Se gli Iced Earth non sono ancora da considerare un’icona del movimento metal mondiale, poco ci manca. Granitica come poche, la ciurma guidata da Jon Schaffer dopo aver segnato gli anni ‘90, è andata via via consolidando il proprio nome nonostante svariati cambi di formazione.
 
Dopo la seconda, dolorosa separazione dal “leone” Matt Barlow, gli Iced Earth sembrano vivere un’altra giovinezza grazie all’ingresso del fenomenale cantante Stu Block, come testimoniato dal buon “Dystopia”.
 
Per questo nuovo “Plagues of Babylon” le cose vanno anche meglio: il complesso è più amalgamato, l’intesa tra Stu e Jon oliata dal sudore del palco ed un marcato ritorno a sonorità thrash rende più gagliarda e sanguigna la loro musica, anche se ben presente rimane il legame con il metal classico.
 
Molti sono i punti di forza di questo disco.

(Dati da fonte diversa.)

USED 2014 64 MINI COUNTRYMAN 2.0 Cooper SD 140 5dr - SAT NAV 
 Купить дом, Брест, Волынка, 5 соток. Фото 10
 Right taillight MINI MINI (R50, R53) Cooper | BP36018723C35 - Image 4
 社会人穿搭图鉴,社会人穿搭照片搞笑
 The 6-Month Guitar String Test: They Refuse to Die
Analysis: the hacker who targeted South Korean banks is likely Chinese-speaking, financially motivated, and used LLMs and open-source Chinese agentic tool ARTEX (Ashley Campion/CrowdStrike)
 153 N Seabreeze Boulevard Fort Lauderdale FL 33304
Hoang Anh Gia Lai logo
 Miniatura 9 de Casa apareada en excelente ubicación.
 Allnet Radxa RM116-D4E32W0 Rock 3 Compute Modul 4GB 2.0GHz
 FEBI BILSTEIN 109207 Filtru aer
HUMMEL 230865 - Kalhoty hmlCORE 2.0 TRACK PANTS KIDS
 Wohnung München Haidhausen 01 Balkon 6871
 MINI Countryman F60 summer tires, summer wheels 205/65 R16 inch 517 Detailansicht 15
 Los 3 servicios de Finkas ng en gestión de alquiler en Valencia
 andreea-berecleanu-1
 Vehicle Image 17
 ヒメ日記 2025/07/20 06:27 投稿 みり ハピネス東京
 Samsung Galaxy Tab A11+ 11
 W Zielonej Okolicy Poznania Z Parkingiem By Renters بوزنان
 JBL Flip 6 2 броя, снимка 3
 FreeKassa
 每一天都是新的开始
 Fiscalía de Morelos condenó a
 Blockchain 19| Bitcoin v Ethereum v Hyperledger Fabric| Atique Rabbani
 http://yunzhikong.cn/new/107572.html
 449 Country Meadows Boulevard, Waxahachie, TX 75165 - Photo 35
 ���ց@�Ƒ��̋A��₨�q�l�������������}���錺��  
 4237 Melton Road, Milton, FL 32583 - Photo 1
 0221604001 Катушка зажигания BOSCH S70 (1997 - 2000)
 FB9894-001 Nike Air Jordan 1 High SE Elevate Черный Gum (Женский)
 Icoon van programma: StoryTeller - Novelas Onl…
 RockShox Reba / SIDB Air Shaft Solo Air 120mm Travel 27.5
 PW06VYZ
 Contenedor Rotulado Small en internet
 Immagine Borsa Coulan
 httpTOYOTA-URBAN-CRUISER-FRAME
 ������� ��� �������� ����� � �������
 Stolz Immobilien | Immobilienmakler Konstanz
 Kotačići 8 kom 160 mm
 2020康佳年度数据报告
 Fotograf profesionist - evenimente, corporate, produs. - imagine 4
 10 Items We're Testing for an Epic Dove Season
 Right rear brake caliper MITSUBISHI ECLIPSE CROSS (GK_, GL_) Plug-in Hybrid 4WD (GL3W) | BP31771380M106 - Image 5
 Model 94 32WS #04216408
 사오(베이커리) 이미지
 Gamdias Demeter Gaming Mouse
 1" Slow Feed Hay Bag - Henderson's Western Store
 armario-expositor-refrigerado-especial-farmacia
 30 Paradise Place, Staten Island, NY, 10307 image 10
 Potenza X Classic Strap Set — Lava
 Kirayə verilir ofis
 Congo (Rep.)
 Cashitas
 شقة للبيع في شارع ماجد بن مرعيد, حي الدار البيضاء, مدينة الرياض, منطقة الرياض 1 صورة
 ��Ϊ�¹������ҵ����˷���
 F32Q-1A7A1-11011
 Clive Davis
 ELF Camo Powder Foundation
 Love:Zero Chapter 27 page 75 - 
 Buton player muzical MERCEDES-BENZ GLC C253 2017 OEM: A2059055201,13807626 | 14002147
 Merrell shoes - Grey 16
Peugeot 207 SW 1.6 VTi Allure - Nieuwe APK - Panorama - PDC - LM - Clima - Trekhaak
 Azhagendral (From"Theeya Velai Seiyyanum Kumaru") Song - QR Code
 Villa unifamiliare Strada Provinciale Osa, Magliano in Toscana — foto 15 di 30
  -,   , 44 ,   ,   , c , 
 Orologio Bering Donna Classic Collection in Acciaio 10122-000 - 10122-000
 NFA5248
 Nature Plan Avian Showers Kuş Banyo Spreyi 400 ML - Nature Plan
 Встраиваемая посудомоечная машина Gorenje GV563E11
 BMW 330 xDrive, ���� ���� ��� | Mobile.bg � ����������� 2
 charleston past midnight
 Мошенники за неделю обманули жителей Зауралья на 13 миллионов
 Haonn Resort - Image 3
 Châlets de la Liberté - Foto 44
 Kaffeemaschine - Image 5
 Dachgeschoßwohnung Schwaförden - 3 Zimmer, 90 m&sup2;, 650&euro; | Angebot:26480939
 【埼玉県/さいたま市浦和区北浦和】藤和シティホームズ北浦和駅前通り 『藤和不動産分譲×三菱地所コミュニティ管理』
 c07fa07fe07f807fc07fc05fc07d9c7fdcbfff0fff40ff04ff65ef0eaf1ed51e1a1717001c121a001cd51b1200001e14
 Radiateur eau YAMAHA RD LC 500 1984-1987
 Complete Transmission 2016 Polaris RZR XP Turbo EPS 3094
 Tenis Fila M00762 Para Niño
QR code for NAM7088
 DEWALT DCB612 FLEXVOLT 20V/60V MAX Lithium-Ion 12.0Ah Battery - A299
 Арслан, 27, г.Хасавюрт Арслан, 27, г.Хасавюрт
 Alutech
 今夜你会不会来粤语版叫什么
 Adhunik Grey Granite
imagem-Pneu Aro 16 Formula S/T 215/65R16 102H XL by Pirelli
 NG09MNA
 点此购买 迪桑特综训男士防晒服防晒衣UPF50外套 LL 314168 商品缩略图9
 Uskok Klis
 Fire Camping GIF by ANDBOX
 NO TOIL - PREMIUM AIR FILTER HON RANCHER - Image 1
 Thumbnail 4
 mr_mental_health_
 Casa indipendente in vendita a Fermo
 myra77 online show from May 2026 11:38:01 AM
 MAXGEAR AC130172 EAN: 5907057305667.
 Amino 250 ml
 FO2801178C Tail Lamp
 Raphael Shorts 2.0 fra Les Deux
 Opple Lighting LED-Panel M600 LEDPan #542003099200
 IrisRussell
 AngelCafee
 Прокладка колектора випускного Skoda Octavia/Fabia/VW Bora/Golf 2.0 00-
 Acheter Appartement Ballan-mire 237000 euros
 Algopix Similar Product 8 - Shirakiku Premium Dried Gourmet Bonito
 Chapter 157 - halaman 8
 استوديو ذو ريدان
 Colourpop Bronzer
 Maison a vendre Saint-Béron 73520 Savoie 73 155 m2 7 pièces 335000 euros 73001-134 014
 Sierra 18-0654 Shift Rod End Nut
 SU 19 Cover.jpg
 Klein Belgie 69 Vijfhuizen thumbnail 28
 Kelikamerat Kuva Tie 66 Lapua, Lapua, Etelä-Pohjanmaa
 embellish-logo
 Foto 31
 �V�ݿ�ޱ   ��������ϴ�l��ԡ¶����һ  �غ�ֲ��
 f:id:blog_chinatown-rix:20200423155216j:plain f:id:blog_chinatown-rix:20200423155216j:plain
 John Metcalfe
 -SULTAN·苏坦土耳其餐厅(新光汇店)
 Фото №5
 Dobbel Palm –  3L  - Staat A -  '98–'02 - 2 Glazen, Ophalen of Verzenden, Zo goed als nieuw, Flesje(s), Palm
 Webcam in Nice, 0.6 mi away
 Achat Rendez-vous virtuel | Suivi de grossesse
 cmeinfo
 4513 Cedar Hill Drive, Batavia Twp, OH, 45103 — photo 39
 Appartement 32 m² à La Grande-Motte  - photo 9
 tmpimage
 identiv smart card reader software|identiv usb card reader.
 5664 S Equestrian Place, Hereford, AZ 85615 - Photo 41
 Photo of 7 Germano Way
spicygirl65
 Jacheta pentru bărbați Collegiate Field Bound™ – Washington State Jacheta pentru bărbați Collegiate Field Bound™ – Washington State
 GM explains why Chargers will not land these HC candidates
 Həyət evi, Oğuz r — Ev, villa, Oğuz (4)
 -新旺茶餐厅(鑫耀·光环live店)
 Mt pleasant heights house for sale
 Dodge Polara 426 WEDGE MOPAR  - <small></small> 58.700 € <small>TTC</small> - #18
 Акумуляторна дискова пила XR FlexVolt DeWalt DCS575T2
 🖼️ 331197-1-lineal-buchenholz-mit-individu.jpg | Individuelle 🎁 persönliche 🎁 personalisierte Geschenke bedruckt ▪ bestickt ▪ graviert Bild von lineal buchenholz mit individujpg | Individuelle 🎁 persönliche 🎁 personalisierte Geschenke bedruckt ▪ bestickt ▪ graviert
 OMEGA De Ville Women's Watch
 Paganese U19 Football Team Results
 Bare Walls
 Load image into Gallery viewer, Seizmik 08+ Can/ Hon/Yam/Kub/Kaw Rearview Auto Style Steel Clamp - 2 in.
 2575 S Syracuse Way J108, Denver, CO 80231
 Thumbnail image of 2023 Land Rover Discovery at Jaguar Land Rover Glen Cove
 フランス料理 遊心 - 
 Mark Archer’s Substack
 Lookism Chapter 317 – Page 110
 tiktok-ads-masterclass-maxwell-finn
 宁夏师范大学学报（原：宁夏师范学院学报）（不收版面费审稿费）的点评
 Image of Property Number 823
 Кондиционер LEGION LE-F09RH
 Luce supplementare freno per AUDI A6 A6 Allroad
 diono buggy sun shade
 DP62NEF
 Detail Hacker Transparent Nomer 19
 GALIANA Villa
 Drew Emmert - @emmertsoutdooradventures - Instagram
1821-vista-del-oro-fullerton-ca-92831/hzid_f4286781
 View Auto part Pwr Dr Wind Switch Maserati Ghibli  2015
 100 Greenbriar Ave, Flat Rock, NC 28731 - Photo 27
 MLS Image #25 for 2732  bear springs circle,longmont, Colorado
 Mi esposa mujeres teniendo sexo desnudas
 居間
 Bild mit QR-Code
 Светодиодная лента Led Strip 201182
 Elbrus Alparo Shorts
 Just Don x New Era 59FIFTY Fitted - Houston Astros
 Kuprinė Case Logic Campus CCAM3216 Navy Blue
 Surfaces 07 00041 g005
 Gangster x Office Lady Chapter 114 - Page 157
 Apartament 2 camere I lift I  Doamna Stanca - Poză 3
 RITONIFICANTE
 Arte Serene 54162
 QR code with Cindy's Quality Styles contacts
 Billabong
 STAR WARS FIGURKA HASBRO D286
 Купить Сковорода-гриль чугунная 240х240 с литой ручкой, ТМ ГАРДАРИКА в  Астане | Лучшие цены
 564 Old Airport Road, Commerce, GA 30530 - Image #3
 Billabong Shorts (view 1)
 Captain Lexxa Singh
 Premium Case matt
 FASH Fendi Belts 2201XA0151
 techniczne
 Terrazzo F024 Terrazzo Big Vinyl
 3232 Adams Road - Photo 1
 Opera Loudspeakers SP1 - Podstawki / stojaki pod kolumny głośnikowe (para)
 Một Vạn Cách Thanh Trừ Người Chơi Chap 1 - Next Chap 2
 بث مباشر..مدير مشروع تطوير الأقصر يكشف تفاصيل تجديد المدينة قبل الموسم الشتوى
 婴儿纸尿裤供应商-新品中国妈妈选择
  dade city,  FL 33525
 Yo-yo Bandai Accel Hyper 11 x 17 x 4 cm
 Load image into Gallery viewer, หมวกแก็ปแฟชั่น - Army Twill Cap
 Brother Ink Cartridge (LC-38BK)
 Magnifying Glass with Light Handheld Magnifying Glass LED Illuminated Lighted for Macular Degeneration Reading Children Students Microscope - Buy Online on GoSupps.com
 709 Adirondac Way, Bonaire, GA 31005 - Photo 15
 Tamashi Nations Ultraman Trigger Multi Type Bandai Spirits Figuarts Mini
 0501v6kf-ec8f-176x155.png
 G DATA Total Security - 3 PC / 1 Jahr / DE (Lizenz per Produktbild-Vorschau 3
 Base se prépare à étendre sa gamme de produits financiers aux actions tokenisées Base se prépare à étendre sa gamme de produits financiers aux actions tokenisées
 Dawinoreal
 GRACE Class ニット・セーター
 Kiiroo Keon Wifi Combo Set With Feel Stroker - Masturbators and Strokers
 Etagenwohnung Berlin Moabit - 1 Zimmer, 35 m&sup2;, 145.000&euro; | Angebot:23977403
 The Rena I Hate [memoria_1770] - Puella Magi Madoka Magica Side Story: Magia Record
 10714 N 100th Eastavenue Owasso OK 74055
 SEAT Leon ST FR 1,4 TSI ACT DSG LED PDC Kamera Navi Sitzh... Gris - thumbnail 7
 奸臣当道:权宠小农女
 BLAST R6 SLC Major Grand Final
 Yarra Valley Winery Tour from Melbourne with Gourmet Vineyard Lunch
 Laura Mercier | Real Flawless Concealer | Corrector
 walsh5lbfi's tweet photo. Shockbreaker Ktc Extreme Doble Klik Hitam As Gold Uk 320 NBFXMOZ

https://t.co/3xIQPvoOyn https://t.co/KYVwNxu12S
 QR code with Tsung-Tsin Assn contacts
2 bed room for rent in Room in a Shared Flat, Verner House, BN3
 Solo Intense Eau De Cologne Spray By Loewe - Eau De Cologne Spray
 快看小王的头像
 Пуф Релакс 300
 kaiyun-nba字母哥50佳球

A partire, ovviamente, dalle canzoni. Era infatti dai tempi dei vari “Burnt Offering”, “The Dark Saga” e “Something Wicked This Way Comes” che non assistevamo a tanta qualità in così tanti brani. Attenzione, “Plagues of Babylon” non raggiunge comunque quelle vette, ma diciamo che si ferma subito sotto. A conti fatti, soltanto due pezzi della collezione non mi convincono. Per il resto, a partire dall’iniziale e solenne eponima traccia, è un susseguirsi di bellissimi esempi di heavy/thrash con ritornelli epici e coinvolgenti che rappresentano la vera anima dell’album.
 
La prima metà del CD è la prosecuzione della “Something Wicked Saga” tanto cara al leader e li non troviamo una sola battuta a vuoto. Che si tratti di brani d’impatto come “Democide” o “Among The Living” (con tanto di gradito ospite, l’amico di mille battaglie Hansi Kürsch) oppure le più emozionali “The Culling” e “Resistance” od ancora la maideniana “The End?” è tutto praticamente perfetto.
 
Ma Iced Earth vuol dire anche power ballad: ecco quindi che la seconda parte del lavoro si apre con la stupenda “If I Could See You”, un’altra perla che si aggiunge alle varie “Melancholy”, “I Died For You” o “Watching Over Me” con quello stile praticamente unico ed ormai certificato.
 
Di buon gusto sono sia la milionesima rilettura metal del mostro lovercraftiano “Cthulhu” che “Peacemeaker”, mentre in chiusura giungono le note dolenti, ovvero la scialba “Parasite” e la riedizione di “Spirit of the times” dei Sons of Liberty, progetto solista dello stesso Schaffer. Ecco, senza questi due titoli e l’inutile outro finale avremmo una buona decina di minuti in meno e nessun riempitivo, quindi il valore complessivo sarebbe sensibilmente più alto.
 
Cos’altro rende “Plagues of Babylon” un buonissimo ascolto? Dopo aver rimarcato l’ennesima dimostrazione del talento compositivo di Jon Schaffer e l’ottima prestazione del chitarrista solista Troy Seele, dobbiamo doverosamente sottolineare la prova Stu Block. Signori, qui stiamo parlando di uno dei ragazzi più promettenti della sua generazione. Nonostante il canadese non utilizzi tutto il suo spaventoso range vocale (come faceva negli gli Into Eternity, vedi “The Incurable Tragedy”), risulta perfetto nel modulare le corde vocali a seconda della situazione richiesta. L’unico appunto da fare è che sui toni medi rimanda troppo a Barlow; penso che se gli venisse data totale carta bianca tirerebbe fuori qualcosa di straordinario che però rischierebbe di distaccarsi troppo dal tipico suono della “terra ghiacciata”.
 
In chiusura, segnaliamo la ripresa del classico a stelle e strisce “Highwayman” che vede alternarsi dietro al microfono Schaffer, Russell Allen dei Symphony X, Block e Michael Poulsen dei Volbeat.